Sports turf should take the tackles – survive kick-offs, sliding dives and cleat-clad, heavy players. Super Bowl seed needs to stand the rough-and-ready workout it will endure on Jan. 26, 2003, when two teams test just how durable a turf seed is – and, see who will win the championship, of course.

Two NFL teams will pass the pigskin across Pennington Seed’s Jet Perennial Ryegrass and Mallard Kentucky Bluegrass turf this year. More than 100,000 square feet of hybrid Bermuda sod is currently being cultivated at West Coast Turf’s Indio, Calif., facility, and the company will ship the sod 120 miles to San Diego so West Coast Turf crews can carpet the stadium green in time for the event.

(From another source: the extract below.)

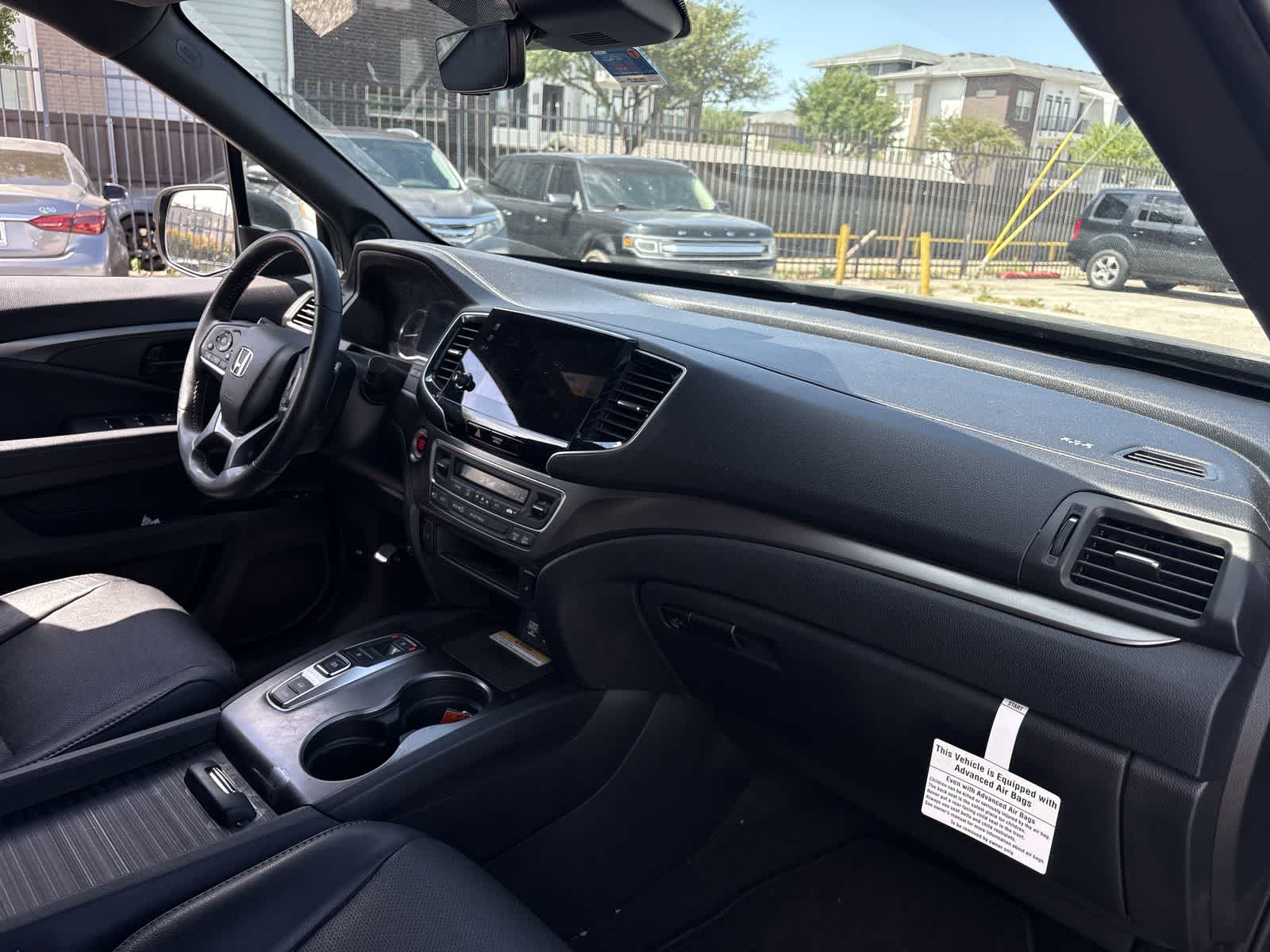 Thumbnail: 2023 Honda Passport - 16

“The playing field plays an incredibly important role in every football game at every level,” pointed out George Toma, Super Bowl XXXVII turf consultant, who was inducted into the professional football Hall of Fame for his field preparations. “When you bring the two best teams together for the biggest single sporting event in the world, the quality of the turf on the field is absolutely critical.”

Toma knows this firsthand. At last year’s University of Hawaii opening game with Montana State at War Memorial Stadium in Maui, Toma reconditioned the worn-out field in time for kick-off by pre-germinating the site with ryegrass and seeding the field eight days before the game. “…It was in great shape by kick-off,” he said, adding that since Hawaii does not have sod farms, the turf crew took this alternative approach.

And it worked.

“In fact, I was awarded the game ball because of the condition of the field and also receive the player of the month quarterback award from The University of Hawaii Quarterback Club,” Toma noted.

Pennington Seed and Toma hope for the same winning results on the San Diego field. “Pennington seed is very proud to be playing such an important role in the biggest game of them all, Super Bowl XXXVII,” remarked Sonny Pennington, president and CEO, Pennington Seed, Madison, Ga.